How is that made apparent?
Economics (neoliberal edition):
“Humans only value things that can be measured in money.”
Sociology:
“Uh… I don’t. Most people don’t. Parents raising kids, communities helping each other during disasters, activists building mutual aid networks – none of that is monetized, but it’s clearly valuable.”
Economics:
“Rational agents always act in self-interest, maximizing utility through a calculated internal decision-making process.”
Psychology:
“That’s… not even close. People are emotional, irrational, communal. Ever heard of trauma? Or love? Or collective identity? Most behaviour doesn’t follow game-theory dogma.”
Economics:
“Ah, but the market is the ultimate form of truth. If it’s not priced, it doesn’t matter. Let us privatize clean air, forests, and even your health! Innovation!”
Ecology:
“Excuse me? You’re externalizing planetary collapse for profit. See, mass extinction, soil depletion, collapsing fish stocks, #climatechaos.”
Economics:
“But don’t worry, my models predict endless exponential growth! Just look at the #GDP!”
Physics:
drops teacup
“Growth forever?

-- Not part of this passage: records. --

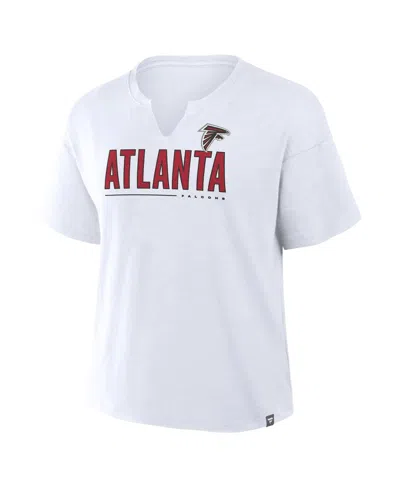 Fanatics Women's White Atlanta Falcons Redzone Slub Boxy T-shirt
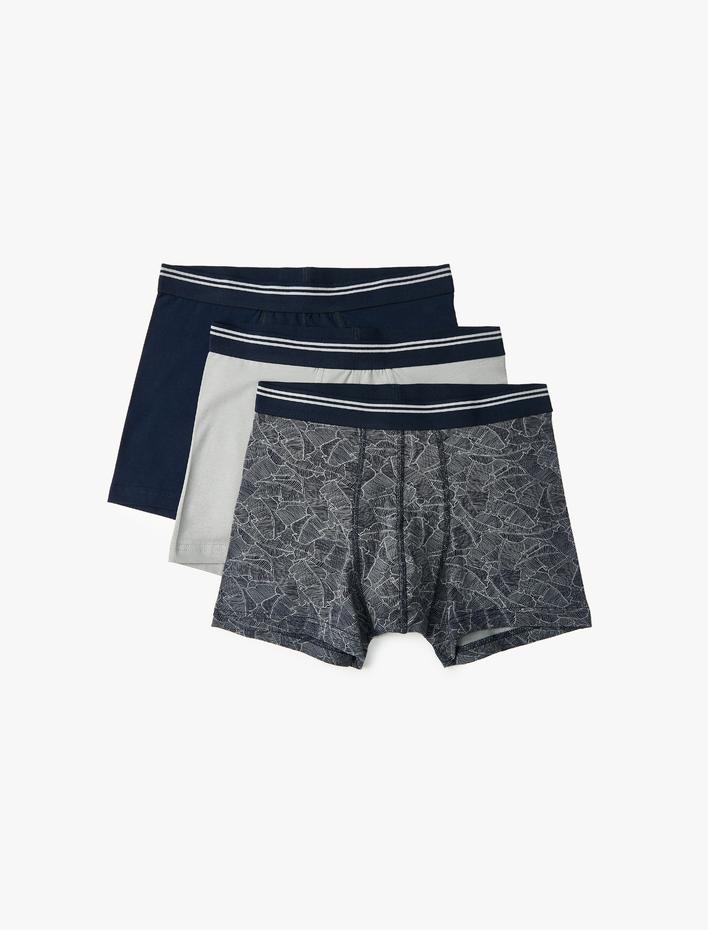  3'lü Boxer Seti Soyut Desenli Çok Renkli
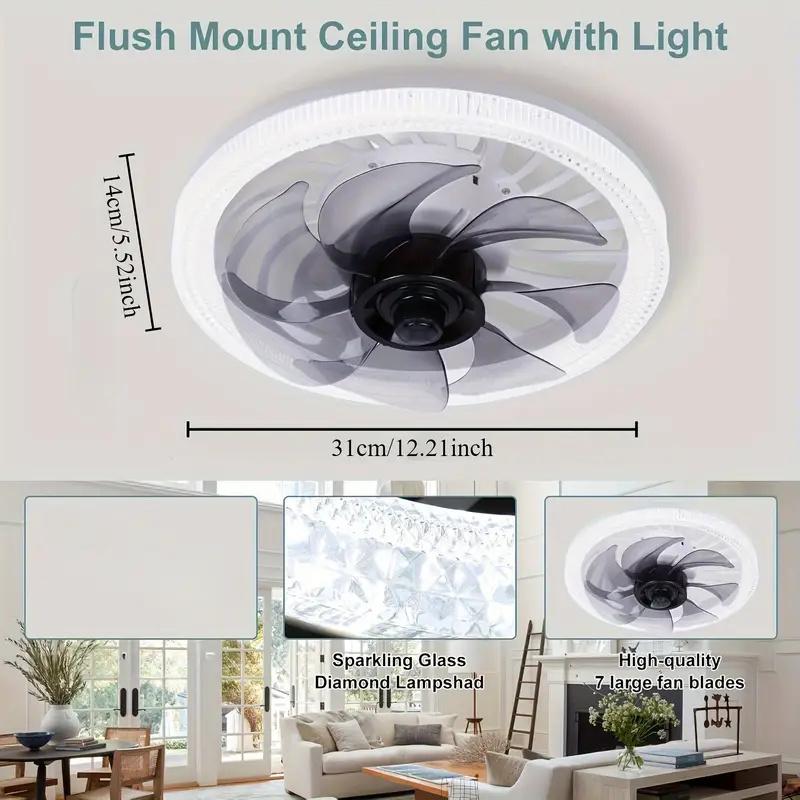 Потолочные вентиляторы с подсветкой, Патрон-вентилятор с пультом дистанционного управления, Регулируемая яркость, Современный низкопрофильный потолочный светильник-патрон
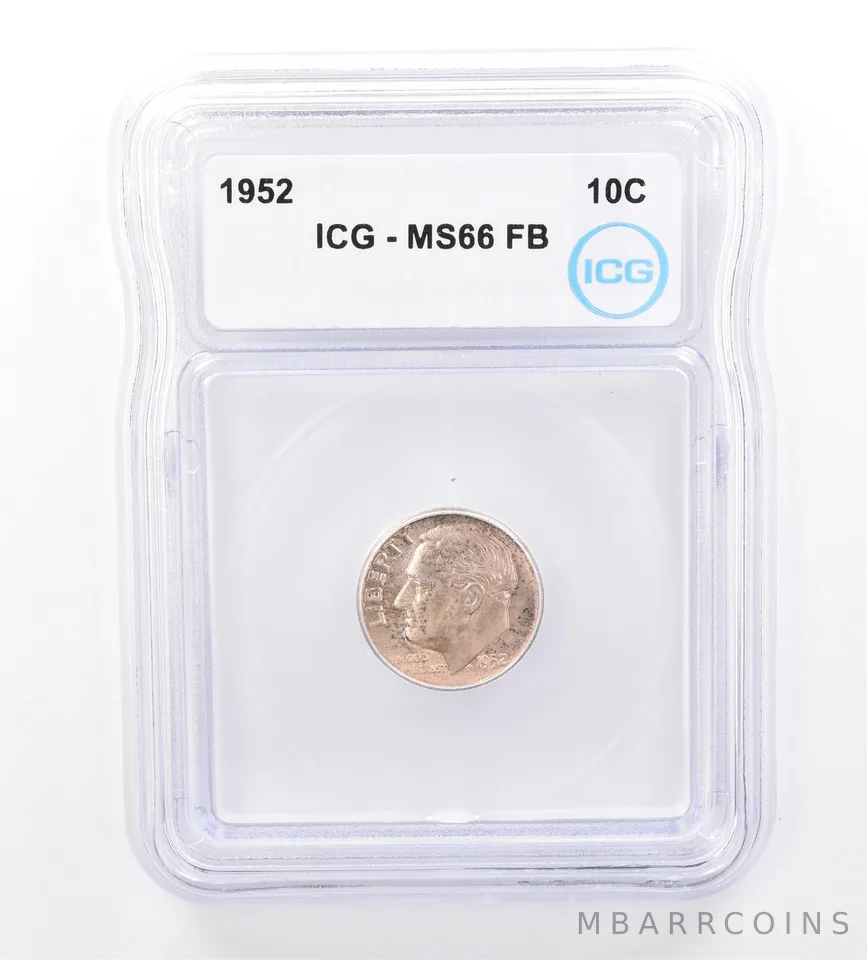 1952 Roosevelt Dime MS66 FB ICG Beautiful Tone a1579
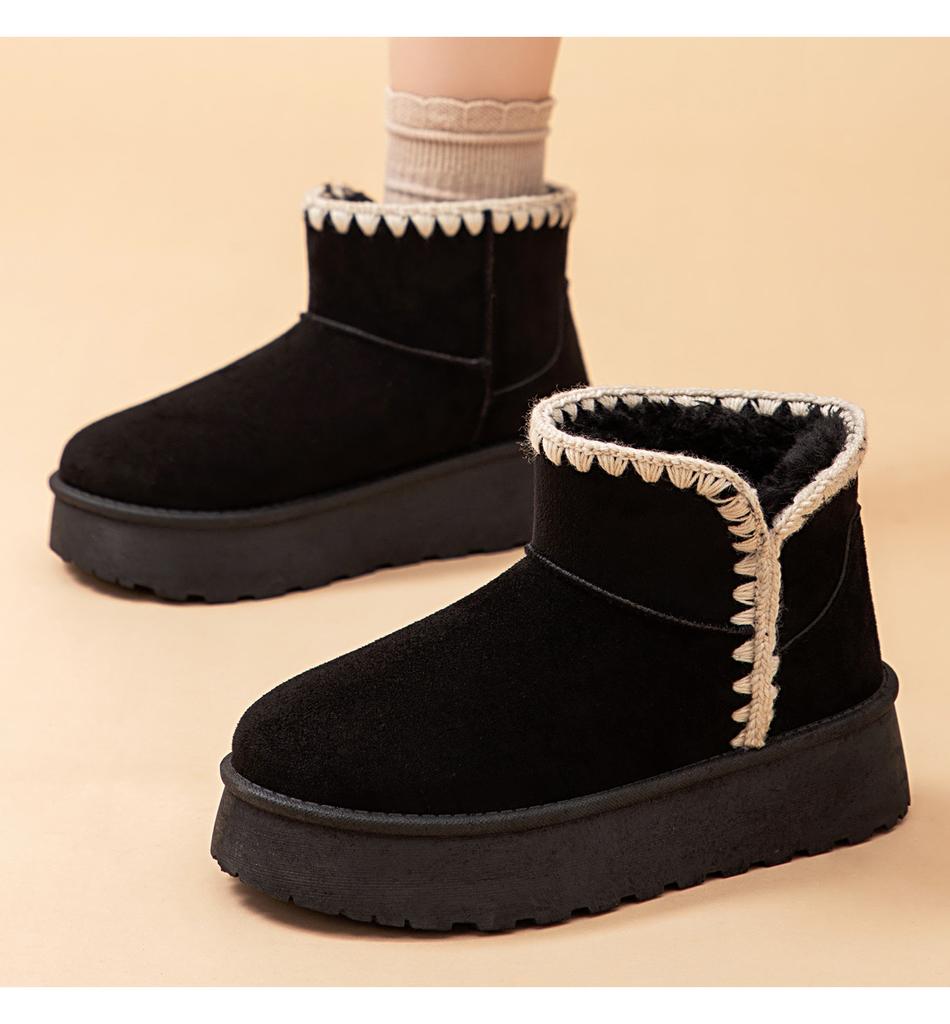 Winter Women Snow Boots Thick Sole Outdoor Anti Slip Cold-proof Keep Warm Fur Knitted Lace Platform Cotton Shoes for Female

On a finite planet? That’s thermodynamically impossible. Energy in, energy out. You can’t eat quarterly profits.”
History:
“And every time someone builds a system based on endless extraction and inequality – slavery, colonialism, neoliberalism – it ends in crisis, collapse, or revolution.”
Anthropology:
“Plenty of human societies existed without money. Value can be social, symbolic, spiritual. You just forgot 99% of human history.”
Ethics:
“You’re optimizing for profit while ignoring justice. People die because they can’t afford insulin. Billionaires hoard while others starve. This is monstrous.”
Economics (sweating):
“But the stock market is doing great!”
Reality:
leans in, calmly
“Your model is broken. Time to compost it.”